Guide

Skip tracing accuracy and match rates explained

Why every skip tracing vendor claims 90%+ match rates — and why the number you actually get is almost always lower.

Every skip tracing vendor's marketing page eventually gets to a number. "90% match rate." "95% accuracy." "Industry-leading hit rates." Pull back the curtain and these numbers usually mean different things at different vendors, measured on different lists, against different definitions of "match." Here's how to read them honestly.

Match rate vs. response rate vs. accuracy

Three numbers get conflated in vendor marketing:

Response rate — what percentage of your input records got any data back from the API. The vendor returned something, even if the something is a phone number from 2018 that's been disconnected.

Match rate — what percentage of input records got back at least one verified, currently-valid contact attribute. This is the number that should matter to you.

Accuracy — when the API returns a phone number, what percentage of those numbers actually reach the right person on the first try.

A vendor can advertise a 95% response rate that translates into a 65% match rate and a 50% accuracy on dial. The marketing is technically true and operationally useless.

Why match rates depend on the list

Match rate is mostly determined by the input quality, not the vendor. The same vendor will get wildly different numbers depending on the list:

  • Recent property records with full names + current addresses → 75–85% match
  • Old probate records with name + 5-year-old address → 50–60% match
  • Common-name list with no disambiguators → 30–50% match
  • Foreign-language name list → much lower, often 20–40%

If a vendor brags about a 90% match rate without saying what list they tested on, they're either tested on a curated easy list or they're inflating the response rate.

How we measure ours honestly

We test on real anonymized customer lists across the categories above. On typical real estate investor lists from county records (absentee owners, tax delinquent, probate), we see 65–80% match rates with at least one verified mobile per matched record. On collections and process-server use cases the range is similar. On B2C enrichment with stronger inputs (name + email), match rates run higher.

None of those numbers are 90%+ and we don't claim they are.

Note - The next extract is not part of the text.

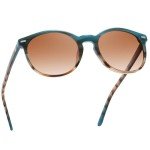 DUCO Polarized Sunglasses for Women Retro Round Women's Sunglasses Classic Vintage UV400 Shades DC1230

How to test a vendor for yourself

  1. Pick a real list of yours, 500–1,000 records, representative of your normal use case.
  2. Send the same list through 2–3 vendors in parallel.
  3. For each vendor, calculate: response rate, match rate (at least one phone or email returned), and overlap with the other vendors.
  4. Ideally, run a small dial test on the matches and measure first-attempt connect rate. This is the only number that translates directly to revenue.
  5. Pick the vendor that wins on cost-per-useful-match, not cost-per-API-call.

Why pay-per-match billing matters here

Vendors that bill per API call have no economic incentive to maintain accuracy. Their revenue is the same whether the number is good or dead. Vendors that bill per successful match are forced to care about quality because misses are free. Skip Trace API uses pay-per-match for exactly this reason. Tracerfy and several others bill per attempt.

Frequently asked questions

What's a good skip tracing match rate?
65–80% is realistic on typical investor or collections lists. Anything north of 85% usually means the vendor is counting response rate, not verified-match rate. Anything below 50% means the input list is too sparse or the vendor's data graph is too narrow.
Why do vendor accuracy claims vary so much?
Because they're measuring different things and there's no industry standard. Always ask what they're counting before comparing numbers.